Year end holidays seem to inspire a perusal of our personal status, for better or worse. This has spawned an entire annual ritual of resolutions designed to be failures for most of us. Generally, these have to do with weight management or winning the lottery. I may be in a minority, but I fail to see the point in making decisions designed to fail. I don’t get it.
For my time and perusal energy, it makes much more sense to explore more internal things, to take a barometric reading of my personal level of happiness or satisfaction. My 2013 resolution is the same as previous years … to accept and embrace responsibility for my life and continue to pursue my purpose and happiness.
Adult living is filled with choices. From lifestyle choices to employment choices, spiritual to entertainment, we make thousands of choices daily. We choose what time to awaken and what time to retire. We choose our eating habits and our activity habits. We choose our friends and our conversation. What motivates our choices? Why do we choose what we do? Maybe family expectations? Or peer pressure? Or perhaps we are faith-driven? It’s pretty helpful to know what “drives” us or pushes us onward.
I am a result of my choices. My life is what I have worked to make it, or not. Contrary to popular political opinion, that which I believe I lack is also my responsibility whether in education, relational or employment. This is an appropriate “taking stock” of where I am now. I am me, imperfect but growing. The past is past and gone. I am an adult and responsible for my life now and the direction I go toward tomorrow.
Next, I must decide (choose), whether or not I am “happy” or content with who I am. My answer is, “yes!” I am content, but at the same time, there is always room for improvement! There is always something I can learn, some way I can improve or enhance my life. I have purpose. I have goals. I have dreams – some of which I expect to come to pass, others are simply dreams. What can I do to achieve my goals? Do I need more education? Do I need to change my behavior in some way, maybe change my dietary habits? Activity level? Social relationships are vital to life and happiness. Am I content with my friends or would new friends benefit me?
Here are some workable steps that I find helpful in the process:
- Own it then change it! We all have made mistakes in our lifetimes. These are arguably the best life-lessons available. The trick is to not make the same mistake repeatedly, so we have to figure out what went wrong and why without putting the blame on someone or something else. Learn from past mistakes!
- Take control of “idle” thoughts! This is vital because we all have imaginations that like to stray into dangerous, selfish, and unproductive territory. We have to teach ourselves not to give way to such negative or unproductive thought patterns. Rather, we can learn to steer our thoughts into positive and productive directions.
- Make positive attitude choices. For example, I can choose to smile rather than frown. I can choose to believe the best about people and situations rather than the worst. I can choose to give the benefit of the doubt, especially to those close to me. Why? People seldom (not always, sadly) are intentionally hurtful, but we all are imperfect!

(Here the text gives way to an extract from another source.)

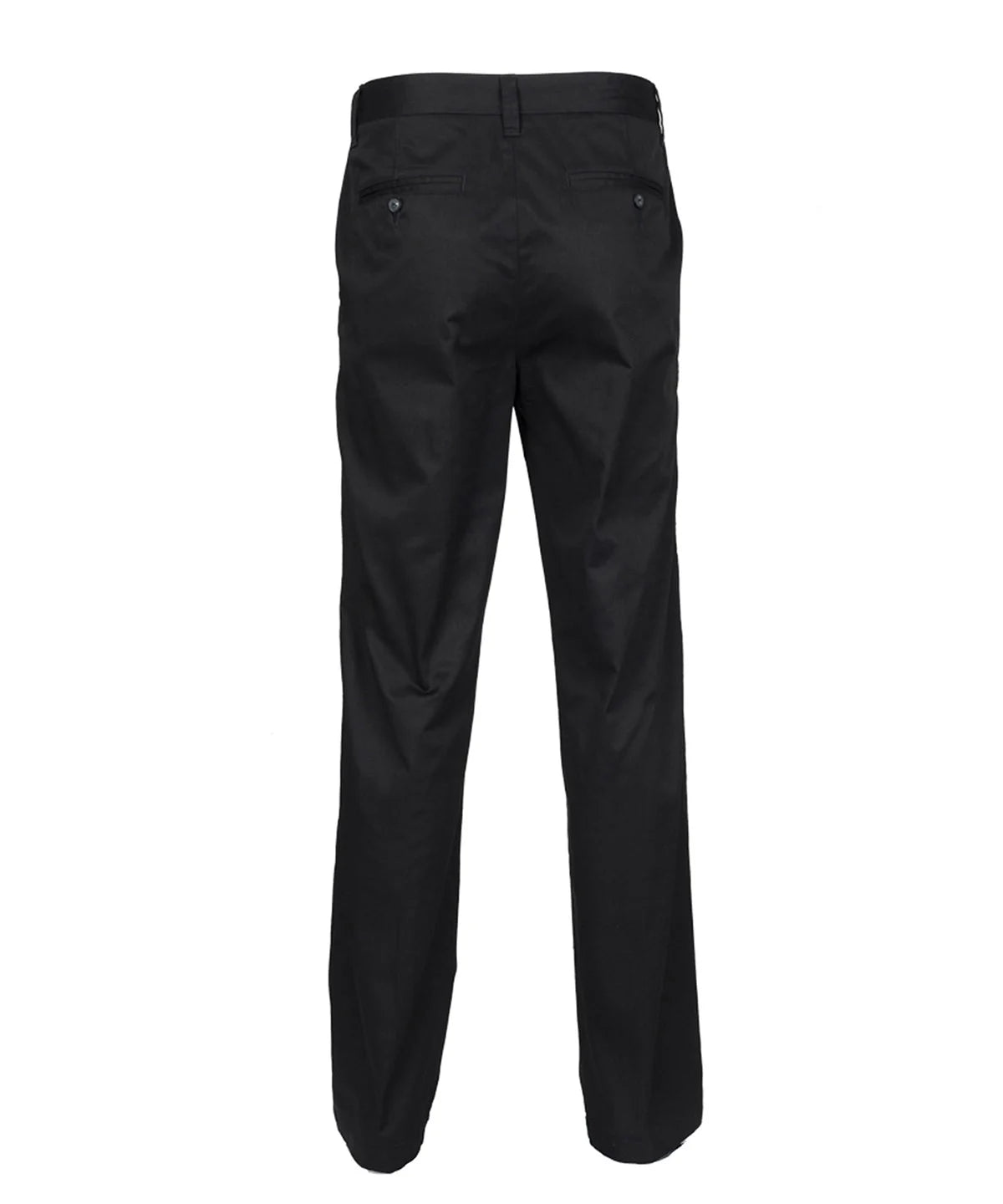 Men's - Entry Level Flat Fronted Chino Trousers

- Develop an “atta boy/girl” attitude. Friends, family and co-workers appreciate honest encouragement. There is no need for falsehoods, but true appreciation uplifts everyone. We all need to be appreciated not just for what we do, but for who we are. If we want to receive this appreciation, we must learn to give it! Even that person that drives us nuts at work has some good quality that deserves recognition. As we train ourselves to appreciate others, our focus and attitude is gently adjusted.

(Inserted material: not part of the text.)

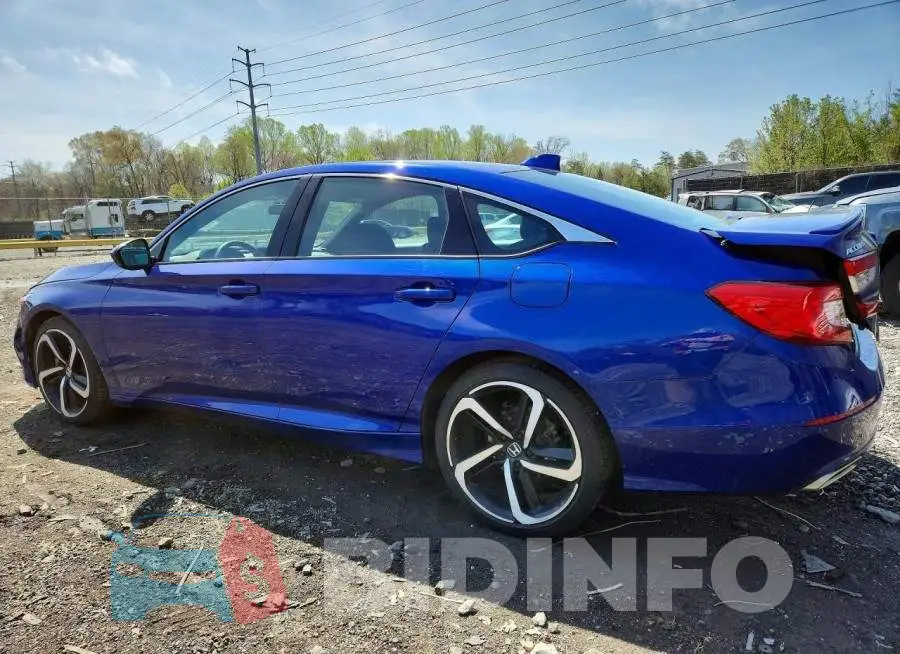 1HGCV2F32KA009051 Photo# 2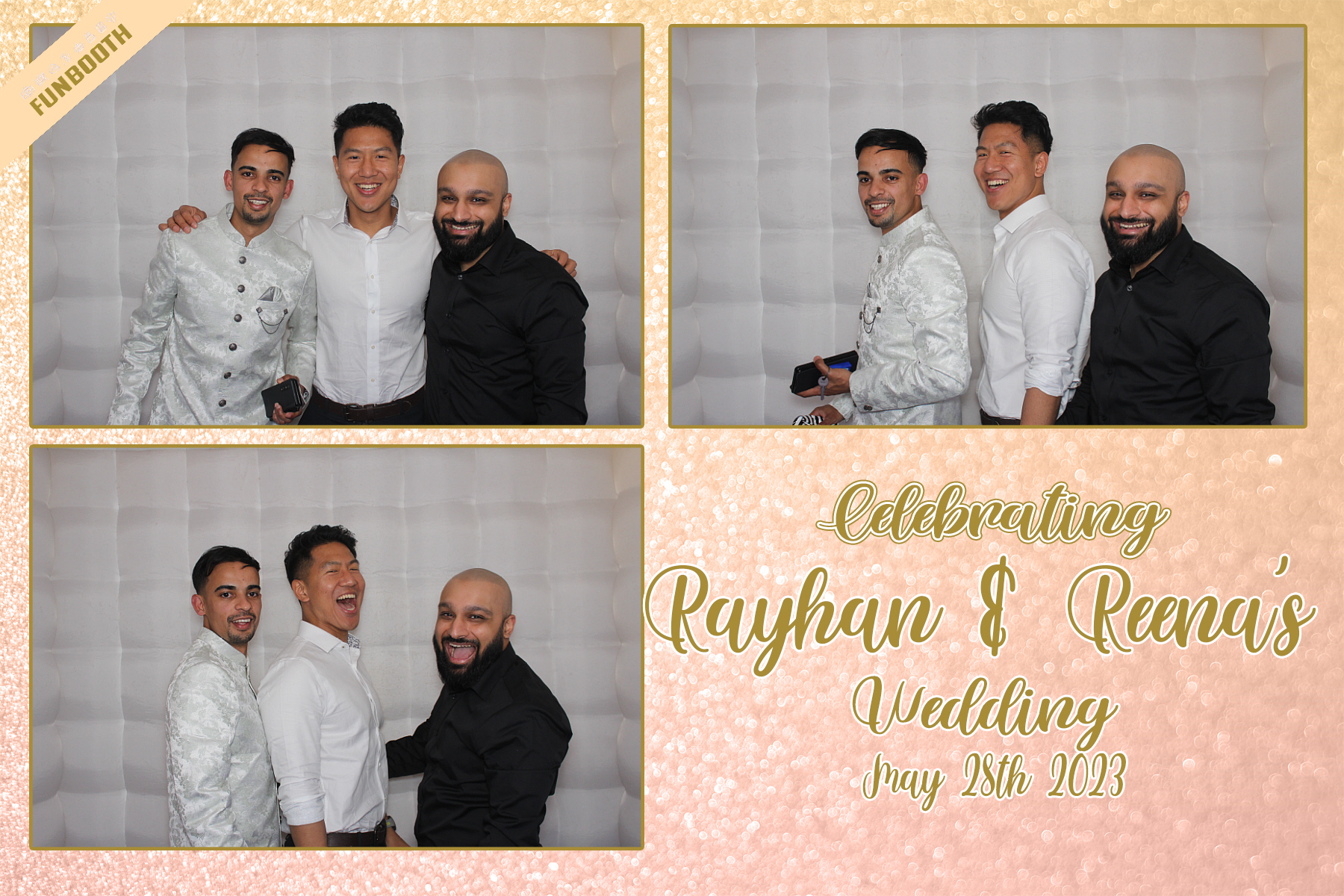 Celebrating Rayhan & Reena's Wedding | View more photos from the event at gallery.funbooth.uk.com/u/FunboothLTD1/Celebrating-Rayhan-Reenas-Wedding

- Stop worrying, practice gratitude, and take positive action! Worry is something we all face, or perhaps better stated in today’s language, STRESS! We have relationship stresses, academic or employment stresses, and individual or personal stresses. My adult son is very good at reminding me not to worry about the bills. Worry, obviously, accomplishes nothing beneficial … NOTHING! Gratitude is a powerful tool in the face of stress, too. If we remind ourselves of what we have accomplished, how we have progressed, all we have acquired, the stress shrinks in power and effect. Whatever the stress causer(s), it is much better to DO what needs to be done instead of worrying about it. Do what you can do, and more often than not, the situation will work itself out in a satisfactory manner. If bills are the issue, stop spending money and examine your budget to reduce expenses and maximize income. This is important in this time of economic uncertainty.

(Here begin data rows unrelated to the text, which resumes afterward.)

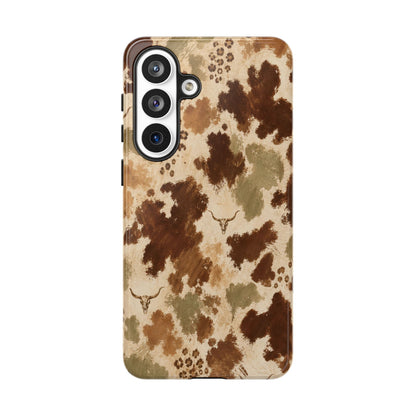 Camo Cattle Tough Case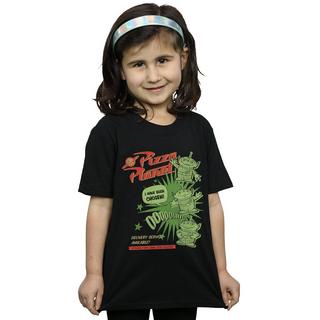 Disney  Tshirt TOY STORY PIZZA PLANET LITTLE GREEN MEN 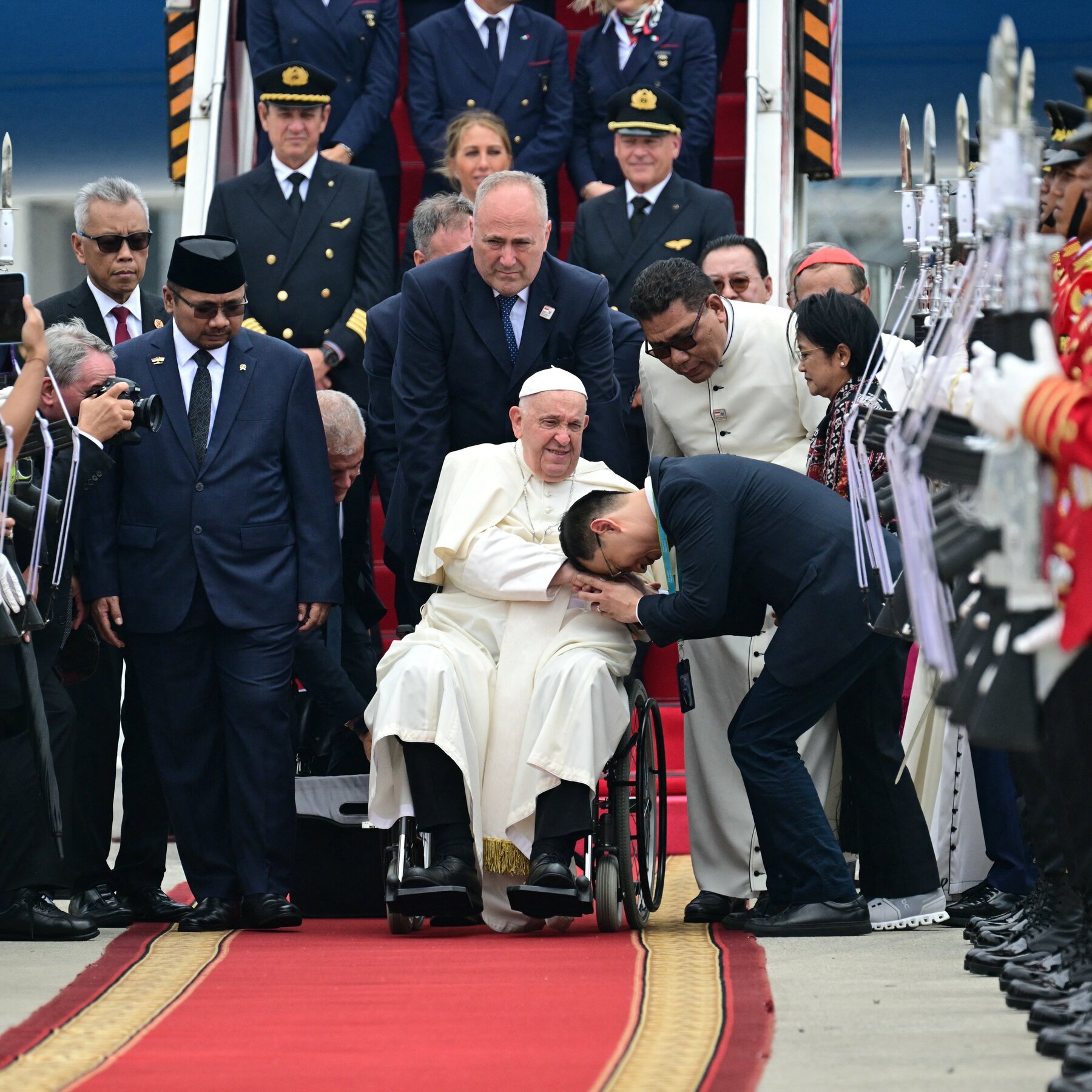 The Pope’s Visit to Indonesia, in Pictures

Bottom line? No one else is responsible for MY happiness or success. No one else has the ability to satisfy or fulfill my expectations of life. It is up to me to accept who and where I am. If there is something I wish to change, I have the resources to develop a workable plan of action to make the desired changes. I can smile and nod in satisfaction knowing I am on my own pathway, where I want to be and the person I wish to be. What better way to enter the new year?
As 2012 comes to a close, take stock of where you are in your journey toward your brand of happiness. Instead of making resolutions doomed to fail, examine your goals and dreams and evaluate your progress. Together, let’s make 2013 a year of innovation, creativity, and progress as together we pursue happiness!